**ABOUT THIS EXERCISE**
Would you return, word for word, the lines running from the one with "sticker 8 of 30" to the final line of the listing below, pictures omitted?

**MATERIAL PROVIDED**
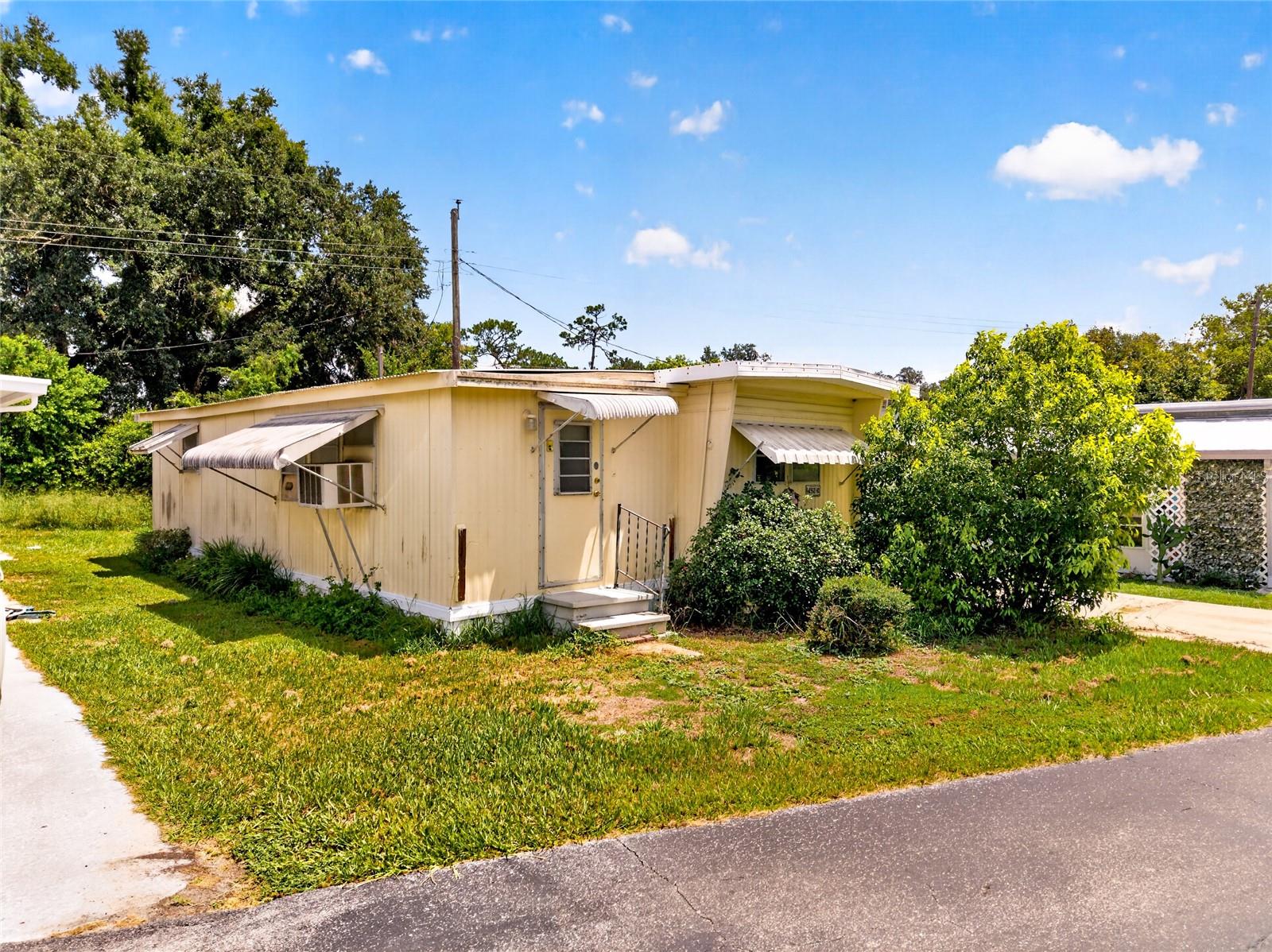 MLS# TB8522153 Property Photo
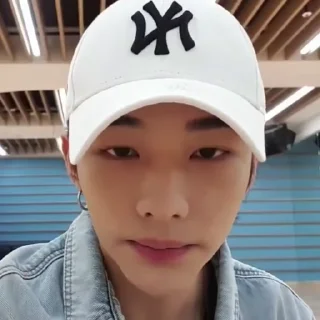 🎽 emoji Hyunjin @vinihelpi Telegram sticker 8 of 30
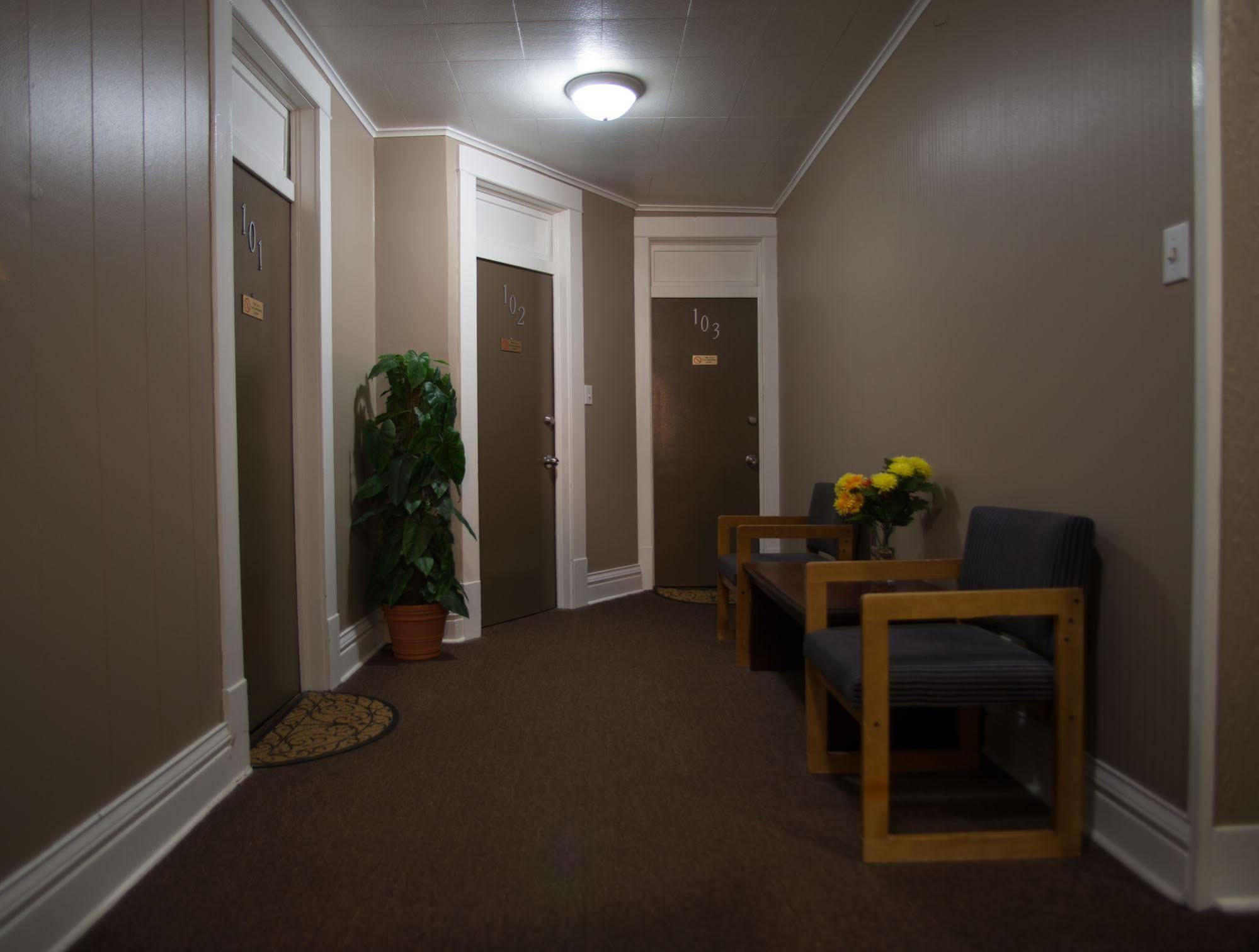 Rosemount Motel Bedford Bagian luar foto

**SOLUTION TO THIS EXERCISE**
 🎽 emoji Hyunjin @vinihelpi Telegram sticker 8 of 30
 Rosemount Motel Bedford Bagian luar foto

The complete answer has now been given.